Philip Seymour Hoffman in A Most Wanted Man (Photo: Roadside Attractions)
  • Philip Seymour Hoffman in A Most Wanted Man (Photo: Roadside Attractions)

While most cinema scribes seem to keep busy adapting YA novels or Nicholas Sparks bestsellers, it's nice to know that the brainy books by John le Carré never seem to fall out of fashion. A Most Wanted Man may not be in the same class as 1965's The Spy Who Came In from the Cold (featuring that incredible Richard Burton performance) or The Constant Gardener (the best film of 2005), but it's nevertheless an intelligent and absorbing watch, and it earns its keep by featuring yet another excellent turn by the late, lamented Philip Seymour Hoffman.

The actor here plays Gunther Bachmann, the head of a German counter-terrorist outfit whose latest target is Issa Karpov (Grigoriy Dobrygin), a half-Chechen, half-Russian Muslim newly arrived in Hamburg. Bachmann isn't after Karpov to arrest him but rather with the idea that this immigrant might lead him to bigger game; to that end, he works alongside Karpov's lawyer (Rachel McAdams), a prominent banker (Willem Dafoe) and a CIA agent (Robin Wright).
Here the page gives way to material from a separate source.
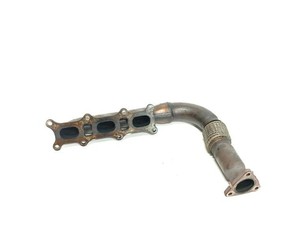 AUDI A6 Avant 4F5, C6 Auspuffkrümmer 05925303 3.00 Diesel 2014 34073165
Director Anton Corbijn and scripter Andrew Bovell keep their heads down as they dutifully relate this low-key thriller, but even they can't do anything with a plot twist (ported over from le Carré's novel) that's so thumpingly obvious, it forces the viewer to mark time during the climax waiting for its inevitable appearance (it involves a double-cross by a duplicitous character whose intentions are glaringly obvious from their first scene). Still, the plot intrigues and the cast excels, making this a good bet for alternate summer viewing.